Une fois arrivés, la boîte était effectivement fade. Pourtant, on s'était tapé trente minutes de fille puisqu'il n'y avait pas Pablo pour nous faire rentrer en VIP. On s'engagea donc sur la piste désertique pour mettre le rythme. Quand je dis on, je parlais de Diego et moi. En effet, lui était toujours prêt à faire la fête et moi, d'habitude discrète, je ressentais encore les conséquences de mon before. J'allais donc me ridiculiser une bonne heure avant que la foule ne vienne me camoufler. C'était à ce moment que j'entrepris de faire une pause.

Après m'être totalement déchaînée, j'étais assoiffée. Ma bonne conscience me disait de prendre une boisson sans alcool, mais en arrivant au bar, un gentleman souriant me tendit un verre que je ne sus refuser. Ce fut seulement une fois installée que je compris qu'il avait passé les dernières minutes à m'observer danser, que dis-je, me défouler comme une fofolle. J'aurais dû être embarrassée, mais mon état ne me le permettait pas. On discuta un instant avant d'être interrompus par un inconnu, du moins je l'avais cru au début. Je n'avais pas reconnu sa voix, d'ailleurs, ni son visage dans le noir, puis ses cheveux mi-longs me dirent quelque chose.

- ты его нашел ?

- Non, je ne l'ai pas trouvé, lui dis-je pour qu'il comprenne que je ne voulais pas parler en russe ici.

- Dommage que tu n'aies pas trouvé ce que tu cherchais, par contre nous, comme on se retrouve, s'exclama-t-il avec un sourire taquin sur les lèvres.

C'est vrai que le hasard faisait bien les choses. Après tout, ce n'était pas une coïncidence de zinzin de croiser un jeune de mon âge dans un bar ou dans une boîte. Cependant, est-ce que la coïncidence existait vraiment ? L'homme avec qui je discutais s'en alla voyant que Vassili prenait place.
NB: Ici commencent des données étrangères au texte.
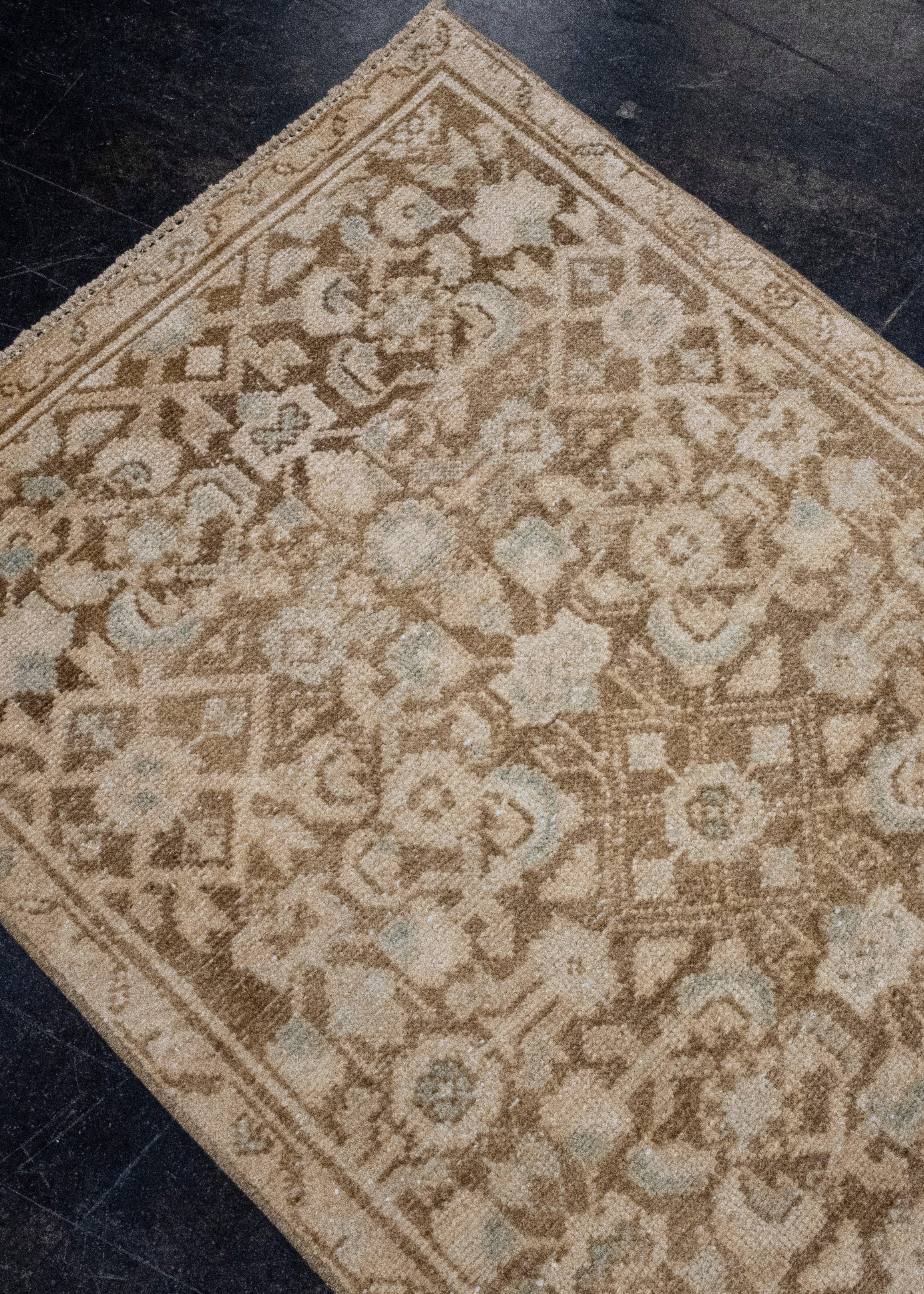 Tapis de couloir turc vintage d'Anatolie 2'4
- Qu'est-ce que tu fais là, lui demandai-je, soulignant le fait que ça soit louche qu'on se rencontre deux fois la même soirée dans deux endroits différents.

- C'est moi qui devrais te poser la question. Qu'est-ce qu'une jeune femme fait de bar en boîte toute la nuit, seule.

Je n'appréciais pas la tournure que prenait cette conversation ni même cette rencontre tout court. Cependant, je cherchai du regard mon groupe en vain. Il avait raison, pour le coup, j'étais bien seule.

- Pourquoi ne pourrait-elle pas, lui demandai-je en le fixant attentivement pour analyser son langage corporel.

- C'est dangereux la nuit, surtout pour une aussi jolie fille comme toi, me dit-il avec un petit sourire en coin.

Ils n'étaient pas très créatifs, les loulous.

- Pourquoi ce compliment sonne comme une menace ?

- Je suis juste prévenant, mais ne t'en fais pas, je suis là pour te protéger, dit-il en tremblant légèrement sa jambe, ce qui trahissait la confiance qu'il exprimait sur son visage tout souriant.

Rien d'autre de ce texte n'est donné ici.